What to do >> Retype the opening lines of the data exactly, stopping after the line that contains "El ESBK Campeonato de España de Superbike, en noviembre. El". Skip every picture.

Records shown >>

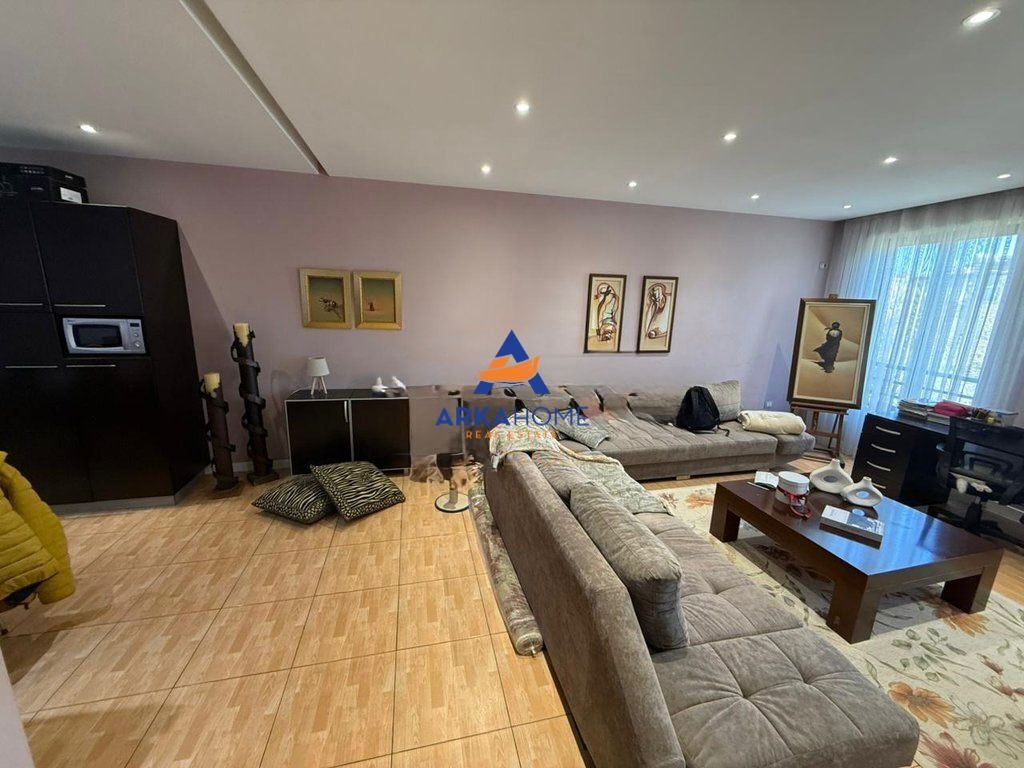 VENDESI APPARTAMENTO 2+1+BALCONE "TE ZOGU I ZI" 230.000 EURO
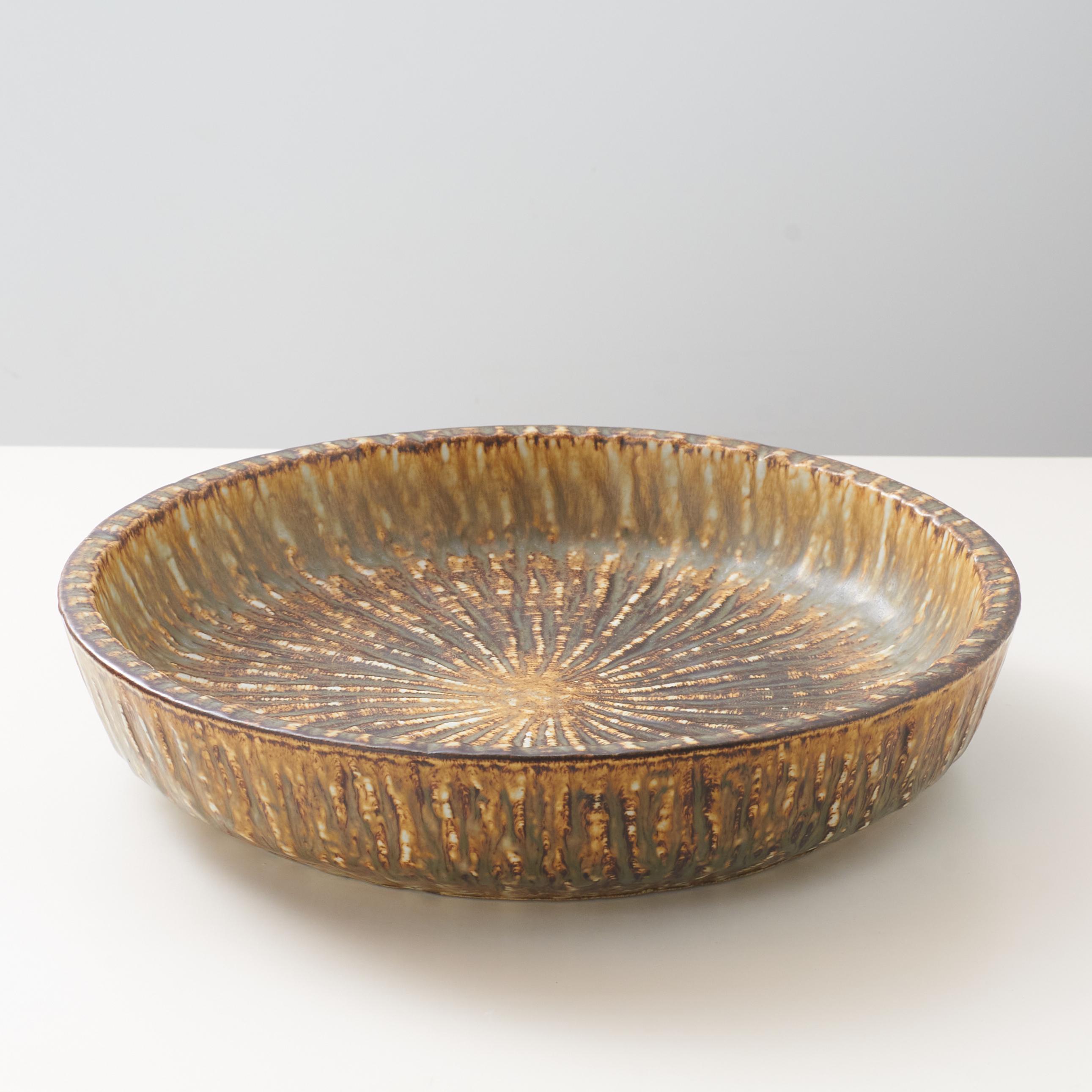 A mottled brown and yellow deep sided round shaped dish by Gunnar Nylund In Good Condition For Sale In San Francisco, CA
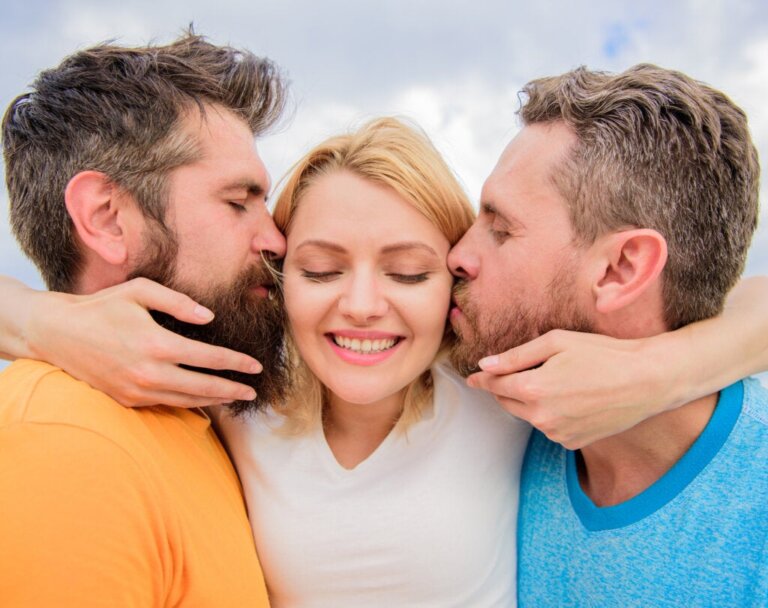 Come funzionano le relazioni romantiche tra tre persone?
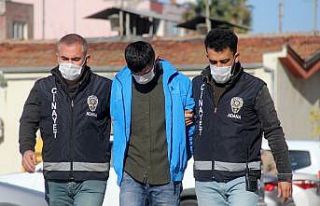 Borcunu ödemeyen arkadaşa çocuk parkında infaz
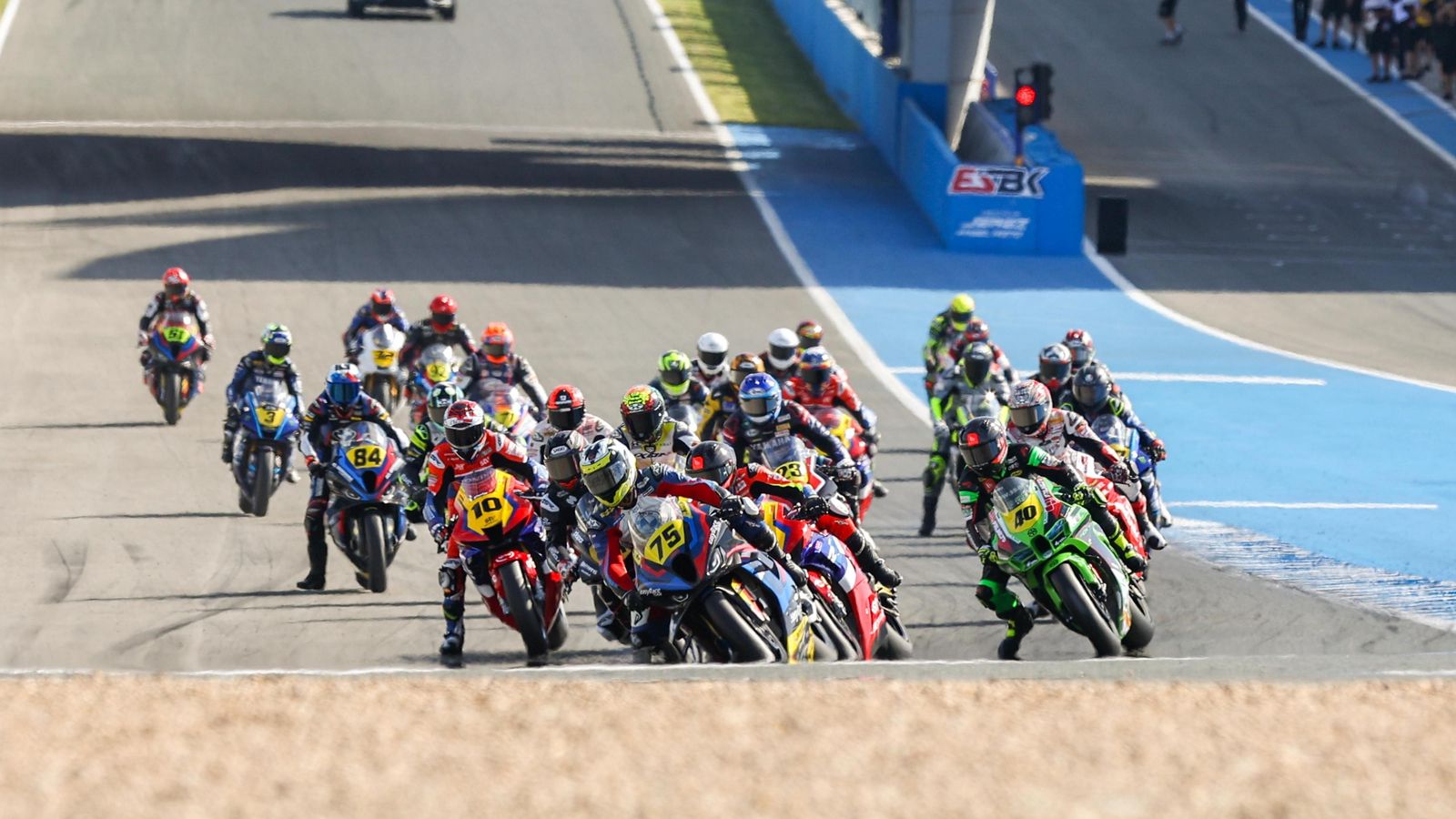 El ESBK Campeonato de España de Superbike, en noviembre. El ESBK Campeonato de España de Superbike, en noviembre.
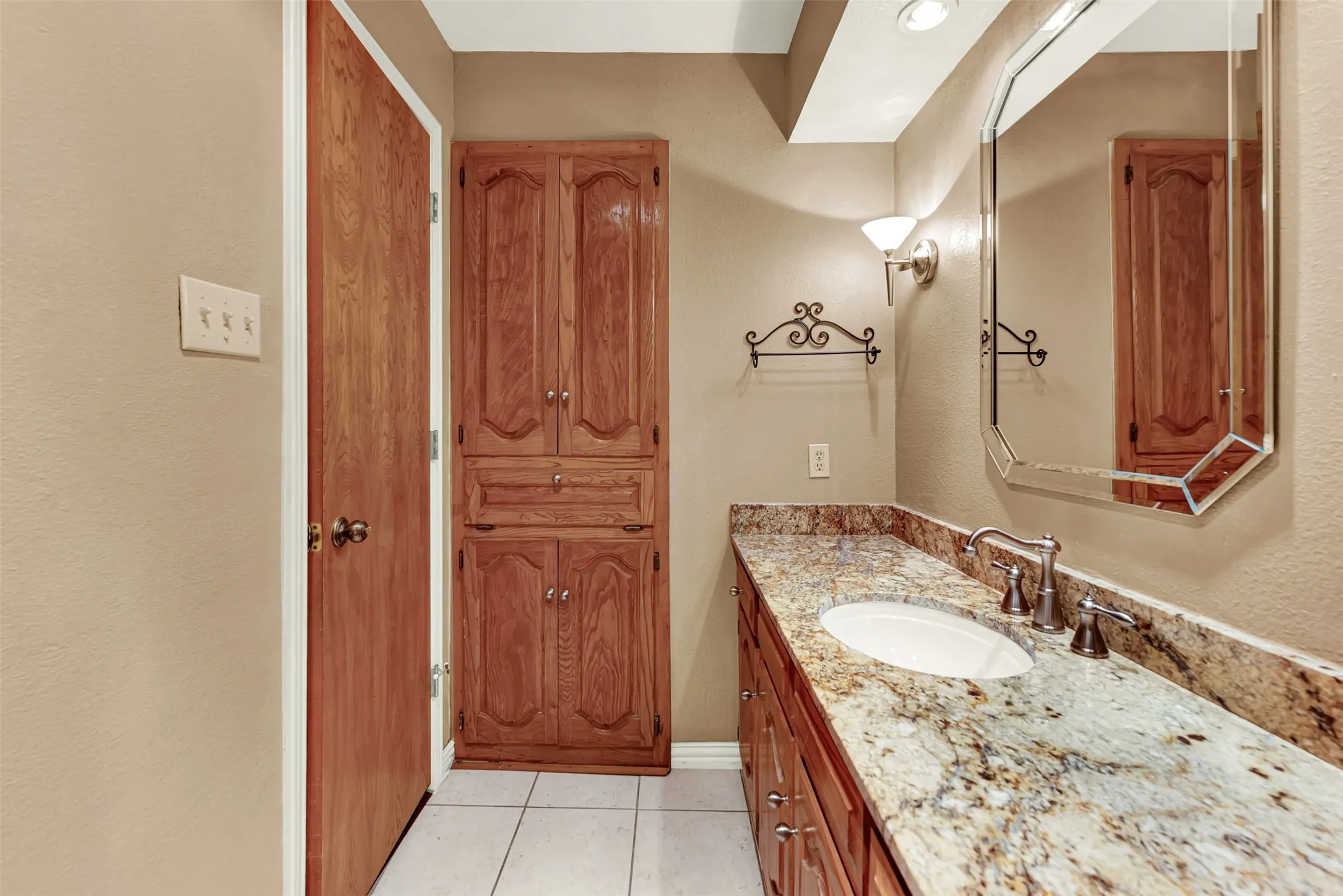 Single Family Residence For Sale in Dallas County , 3205 Cross Timbers Lane, Garland, Texas 75044, 4 Bedroom, 3 Bathroom, 2 Garage spaces, 2,500 Sqft, built in 1978, mls#21283693, Real Estate Agent in Garland, Homes For Sale in Dallas county, Homes For Sale in Garland, Realtor in Garland Texas, Real Estate Brokerage Independent Realty Texas, Luminita Cordes Realtor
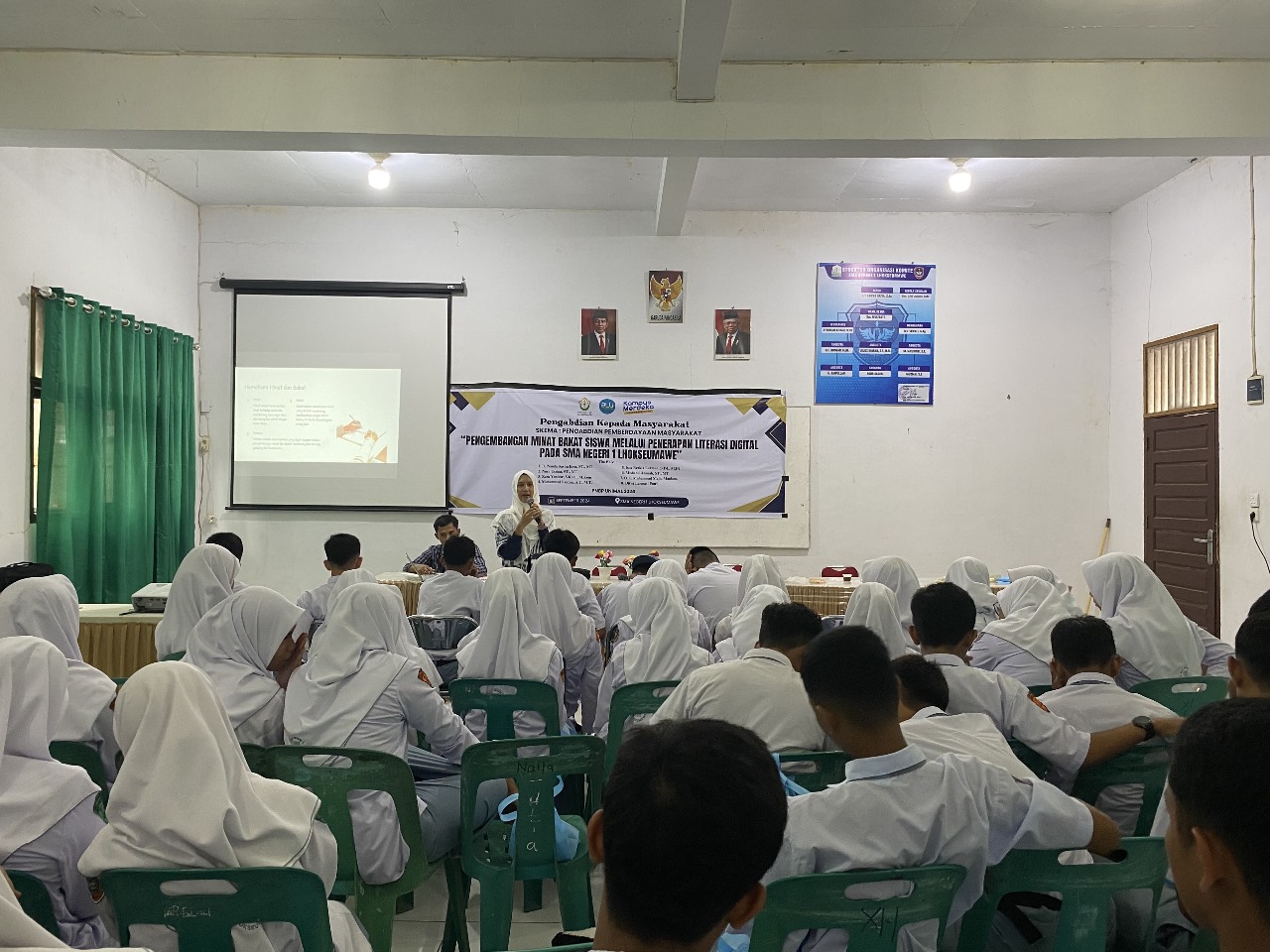 https://news.unimal.ac.id/index/single/6166/dosen-unimal-adakan-pendampingan-literasi-digital-bagi-siswa-sma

Completed task >>
 VENDESI APPARTAMENTO 2+1+BALCONE "TE ZOGU I ZI" 230.000 EURO
 A mottled brown and yellow deep sided round shaped dish by Gunnar Nylund In Good Condition For Sale In San Francisco, CA
 Come funzionano le relazioni romantiche tra tre persone?
 Borcunu ödemeyen arkadaşa çocuk parkında infaz
 El ESBK Campeonato de España de Superbike, en noviembre. El ESBK Campeonato de España de Superbike, en noviembre.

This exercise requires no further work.